Comme de se rendre à une confrontation sur la route et passer à côté d’une amie en train d’arroser le jardin, équipée de son masque à gaz, ou essayer d’écrire un texte collectif et être interrompue par la nécessité de chasser les flics hors du jardin. « Normal » c’était essayer de vivre la vie de tous les jours dans ces circonstances, travailler pour s’assurer qu’il y aurait une sorte de futur tout en sachant que cela pouvait être interrompu à tout moment par une confrontation.

Une autre chose qui a affecté les décisions étaient que l’occupation perdait du terrain. Un tiers des maisons de la ZAD avaient été détruites dans les premiers jours, toutes dans « l’Est ». L’état s’assurait qu’il était partout avant de repartir. Par exemple les flics se plaignaient dans les journaux du fait que la stratégie qu’ils devaient suivre était dangereuse pour eux, que cela ne faisait aucun sens militairement de rendre tous les soirs le terrain qu’ils avaient conquis pour revenir le lendemain matin à 6h, nettoyer les barricades et reprendre ce terrain. Mais cela faisait partie d’un plan de guerre psychologique pour montrer qu’ils pouvaient venir, le feraient et reprendraient la route tous les matins pendant des semaines.

La police a été excessivement violente, même comparé à d’autres manifestations ou confrontations en France, et surtout comparé aux expulsions de 2012. Le 11 Avril, une marche de plusieurs centaines de familles et retraité.e.s du camps « des cheveux blancs » menée par une samba a essayé de traverser la D281 vers l’Est. La police a tiré sur elleux et chargé en tirant non-stop des grenades de désencerclement. La medic team a noté avoir soigné près de 300 personnes dans les 10 premiers jours, une estimation prudente. Le collectif de medics et soignant.e.s a publié un communiqué affirmant que la violence était si intense qu’il était suprenant que personne ne soit mort.e. Les journalistes était banni.e.s, mais la gendarmerie leur offrit gentiment de leur donner leurs propres vidéos à la place. Les journalistes qui vinrent quand même étaient visé.e.s par les grenades de la police.

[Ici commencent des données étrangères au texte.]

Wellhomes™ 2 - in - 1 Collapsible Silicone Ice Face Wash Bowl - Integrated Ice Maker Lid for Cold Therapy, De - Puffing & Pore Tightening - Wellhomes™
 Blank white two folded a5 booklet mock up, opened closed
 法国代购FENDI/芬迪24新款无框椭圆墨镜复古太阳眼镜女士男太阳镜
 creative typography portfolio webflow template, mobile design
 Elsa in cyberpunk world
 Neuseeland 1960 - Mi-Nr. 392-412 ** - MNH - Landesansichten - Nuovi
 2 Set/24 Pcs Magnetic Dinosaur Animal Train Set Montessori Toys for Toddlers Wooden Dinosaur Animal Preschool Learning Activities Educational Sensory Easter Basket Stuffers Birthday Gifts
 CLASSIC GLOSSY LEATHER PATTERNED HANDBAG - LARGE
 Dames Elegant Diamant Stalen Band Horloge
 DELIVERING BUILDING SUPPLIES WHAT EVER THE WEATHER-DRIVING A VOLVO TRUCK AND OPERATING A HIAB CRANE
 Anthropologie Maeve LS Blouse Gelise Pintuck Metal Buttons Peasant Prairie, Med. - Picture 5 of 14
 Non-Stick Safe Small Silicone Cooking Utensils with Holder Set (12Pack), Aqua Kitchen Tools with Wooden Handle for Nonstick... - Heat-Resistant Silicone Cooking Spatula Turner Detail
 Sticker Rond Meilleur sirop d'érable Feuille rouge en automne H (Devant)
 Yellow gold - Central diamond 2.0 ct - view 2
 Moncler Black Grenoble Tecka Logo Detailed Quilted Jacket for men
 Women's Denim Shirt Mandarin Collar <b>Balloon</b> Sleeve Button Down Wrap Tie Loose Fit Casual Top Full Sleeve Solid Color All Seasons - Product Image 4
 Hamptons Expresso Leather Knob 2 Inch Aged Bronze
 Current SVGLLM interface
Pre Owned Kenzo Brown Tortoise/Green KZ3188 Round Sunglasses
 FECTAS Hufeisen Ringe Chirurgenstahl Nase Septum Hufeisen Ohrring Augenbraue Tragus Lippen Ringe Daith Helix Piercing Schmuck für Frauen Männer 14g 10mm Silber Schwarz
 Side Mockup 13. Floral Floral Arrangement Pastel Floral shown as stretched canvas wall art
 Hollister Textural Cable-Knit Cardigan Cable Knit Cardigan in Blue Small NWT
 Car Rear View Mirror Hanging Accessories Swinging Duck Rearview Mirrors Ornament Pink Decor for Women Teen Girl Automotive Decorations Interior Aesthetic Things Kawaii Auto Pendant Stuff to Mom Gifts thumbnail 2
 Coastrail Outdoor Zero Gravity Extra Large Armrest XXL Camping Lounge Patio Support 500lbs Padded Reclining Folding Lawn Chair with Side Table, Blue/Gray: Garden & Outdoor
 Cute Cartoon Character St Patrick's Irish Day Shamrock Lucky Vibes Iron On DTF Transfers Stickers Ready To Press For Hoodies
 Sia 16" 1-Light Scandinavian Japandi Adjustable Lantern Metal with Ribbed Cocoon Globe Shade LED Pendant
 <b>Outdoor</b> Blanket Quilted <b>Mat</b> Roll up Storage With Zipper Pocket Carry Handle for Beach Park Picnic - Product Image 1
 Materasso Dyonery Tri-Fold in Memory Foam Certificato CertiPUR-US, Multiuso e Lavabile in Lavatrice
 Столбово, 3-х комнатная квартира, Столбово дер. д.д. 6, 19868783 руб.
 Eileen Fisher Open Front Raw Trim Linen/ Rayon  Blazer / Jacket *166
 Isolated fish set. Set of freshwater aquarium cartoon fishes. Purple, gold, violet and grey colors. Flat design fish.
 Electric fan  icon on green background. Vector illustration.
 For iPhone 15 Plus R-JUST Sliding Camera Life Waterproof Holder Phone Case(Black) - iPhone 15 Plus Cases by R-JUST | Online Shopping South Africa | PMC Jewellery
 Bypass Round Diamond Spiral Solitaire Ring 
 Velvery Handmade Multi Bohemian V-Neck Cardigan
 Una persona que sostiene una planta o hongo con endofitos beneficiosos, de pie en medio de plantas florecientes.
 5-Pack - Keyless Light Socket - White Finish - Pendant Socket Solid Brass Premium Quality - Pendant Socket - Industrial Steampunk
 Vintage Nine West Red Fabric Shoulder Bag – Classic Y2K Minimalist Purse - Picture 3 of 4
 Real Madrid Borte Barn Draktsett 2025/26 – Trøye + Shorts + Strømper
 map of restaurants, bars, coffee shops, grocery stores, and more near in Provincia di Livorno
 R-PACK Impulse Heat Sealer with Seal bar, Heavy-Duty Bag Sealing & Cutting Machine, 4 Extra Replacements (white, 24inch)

Pendant les semaines qui ont précédé les expulsions et même après qu’elles aient commencé, certaines leaders de groupes citoyens et d’autres personnalités qui ont participé au mouvement pendant plus d’une décade se sont publiquement dissocié.e.s. Par exemple, Françoise Verchère, le soir du 8 Avril, déclara dans un journal régional, « J’aurais appelé à manifester contre la destruction du bocage. Mais là, je ne défends pas les habitations près de la route ». Julien Durand, l’auto-désigné porte-parole de l’ACIPA, était cité dans le même article encourageant les squatters de la ZAD à signer les formulaires et essayer d’obtenir des contrats avec l’état sur une base individuelle afin de diminuer les violences et la taille de l’opération de police.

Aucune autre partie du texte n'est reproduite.